Het was even schrikken toen bleek dat het boekenweekgeschenk een familie aangelegenheid is geworden. Familie ondernemingen hebben iets precairs, iets beslotens. Een keuze die ook nog eens in superlatieven omschreven werd door directeur CPNB Eveline Aendekerk. Wat moet je met een directeur die ‘ontzettend trots’ is, en het heeft over de ‘grootste’ schrijversfamilie (je wist niet waar je het zoeken moest, de betekenis van dit alles). Ze zei dat ‘de liefde voor lezen en boeken er bij de ‘Chabotten’ vanaf spat. En dat het precies die liefde is die ‘traditiegetrouw’ gevierd wordt tijdens de boekenweek. Ze zei, ‘Het gezin [de Chabotten] bestrijkt meerdere generaties en bestaat uit unieke karakters, waardoor de kijk op de familie een rijk kleurenpalet wordt. De Boekenweek van 2024 wordt daarom ook komend jaar weer een groot feest!” Jaja, het CPNB is me er eentje om Finkers maar eens te persifleren. Eerder wilden ze al van het woord essay af, alsof daarmee de lading van de inhoud zou veranderen.
Het CPNB zegt jongeren te kennen die afgeschrikt worden door het woord essay. Het CPNB is daardoor bang dat ze hun doel missen. En dat willen ze niet. Dus door een essay (een persoonlijk, beschouwend literair stuk) geen essay meer te noemen zodat jongeren er niet door worden afgeschrikt, is er de hoop dat ze het essay dat geen essay mag heten, gaan lezen. Maar wacht. Er is niks mis met jongeren die ergens van schrikken. Er mag geschrokken worden, graag zelfs. Niet alles hoeft tot een soort smoothie achtige substantie vermalen te worden.

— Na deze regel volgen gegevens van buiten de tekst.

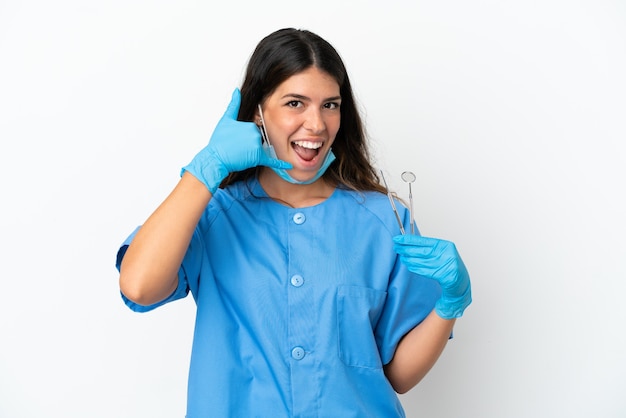 Mujer dentista sosteniendo herramientas sobre fondo blanco aislado haciendo gesto de teléfono. Llámame señal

Ilja Leonard Pfeijffer reageerde op de keuze van het CPNB voor de familie Chabot – om het boekenweekgeschenk te schrijven, en het essay te laten plaatsmaken voor een gedicht van de hand van, jawel Bart Chabot – en had het over ‘uitdaging’. Hij begon over zijn schoonmoeder die bij hen kwam eten. Zij spraken over Italiaanse politiek, de verwerpelijkheid van premier Giorgia Meloni, maakten daar veel woorden aan vuil. ‘De vraag die dan altijd vroeg of laat opkomt, meestal vroeg, is wie haar kan uitdagen… Toen verdween de tekst achter een betaalmuur, maar dat ‘uitdagen’ bleef hangen. Wie daagt de lezer uit, zet een begin van iets uit om te volgen, iets te ontdekken. Of, wie kan Eveline Aendekerk uitdagen om…

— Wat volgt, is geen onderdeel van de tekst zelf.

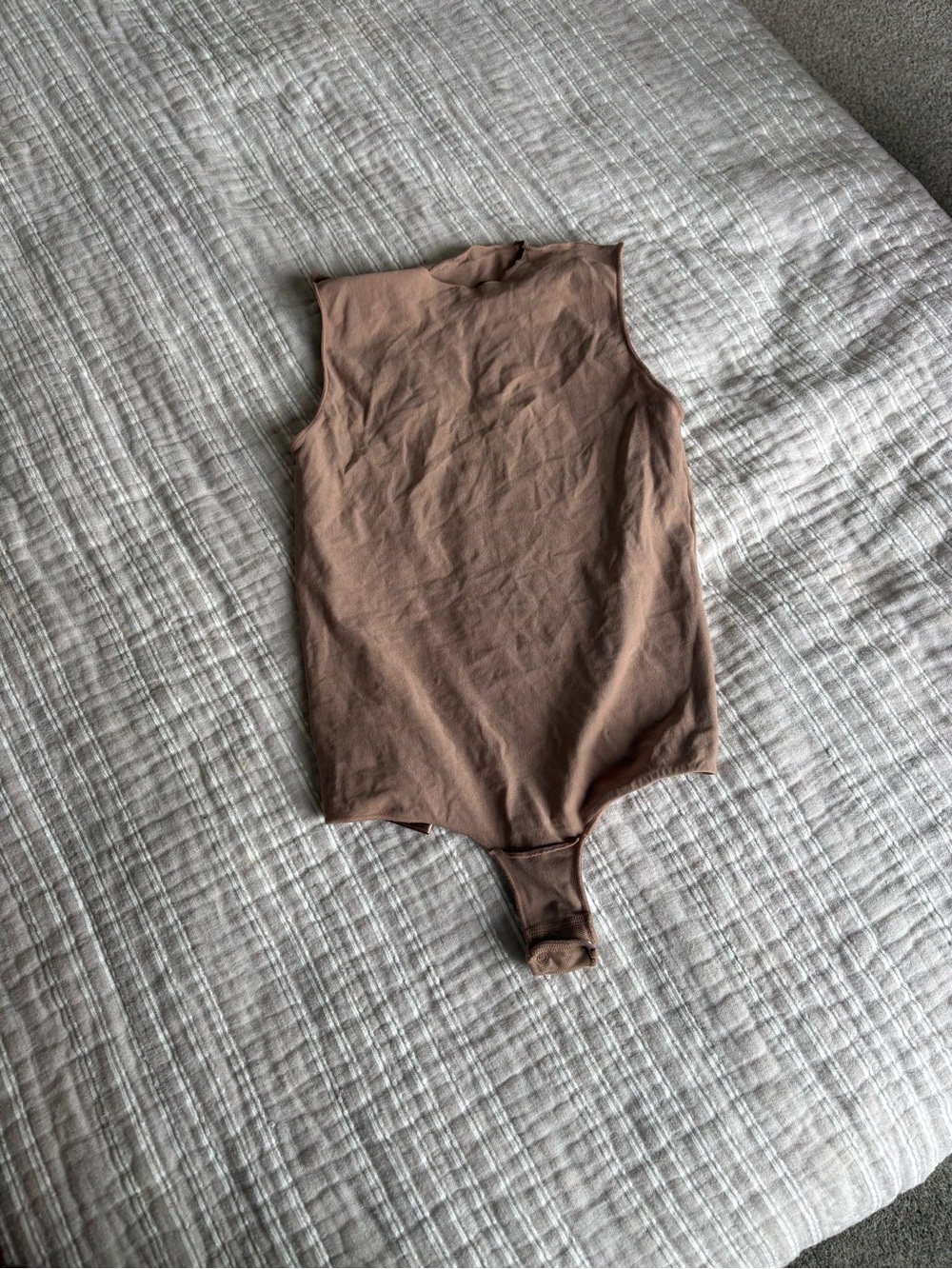 SKIMS Sleeveless Mock Neck Bodysuit in Cocoa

Maar als we dan toch de niet lezende jongeren tegemoet willen komen, laten we dan een boek ook geen boek meer noemen, want dat is schrikken. Maar hé, scheer nu niet alle jongeren over een kam. Er zijn er die lezen, in treinen, op bankjes aan de waterkant, in bed (er wordt onvoorstelbaar veel in bed gelezen), aan keukentafels, toiletten, op het strand. We kunnen veel woorden vuilmaken aan de terugloop van lezers, waarvan ook niet duidelijk is of dat echt zo is. Misschien zijn er lezers die zich niet op de daartoe geëigende plaatsen ophouden, zoals daklozen, waarvan het CBS deze week meldde dat er minder daklozen zijn, maar de opvangcentra daarentegen in een reactie zeiden dat ze ‘ram’vol zitten. Soms moet er niet geteld, niets gezegd worden. Laat een essay een essay zijn, geef jongeren de kans iets te ontdekken, ergens naar te reiken en de essayisten van morgen te worden.

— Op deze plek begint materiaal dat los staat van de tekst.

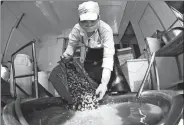  ?? LI HANCHI / XINHUA ?? A worker pours river snails — a key ingredient in making local specialty luosifen — into water to clean them at a workshop in Liuzhou, Guangxi Zhuang autonomous region, in September.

En waarom een boekenweekgeschenk niet geschreven door Mensje van Keulen, Marja Pruis of Kristien Hemmerechts? Of maak er desnoods weer een schrijfwedstrijd van voor debutanten, zoals Hella Haasse die ooit in 1949 won, debuteerde met het boekenweekgeschenk Oeroeg. Zet dan een lezerspoule van jongeren op die alle inzendingen lezen, een keuze maken. Zijn er in ieder geval weer een paar jongeren voor de literatuur gewonnen.
Inge Meijer is een pseudoniem.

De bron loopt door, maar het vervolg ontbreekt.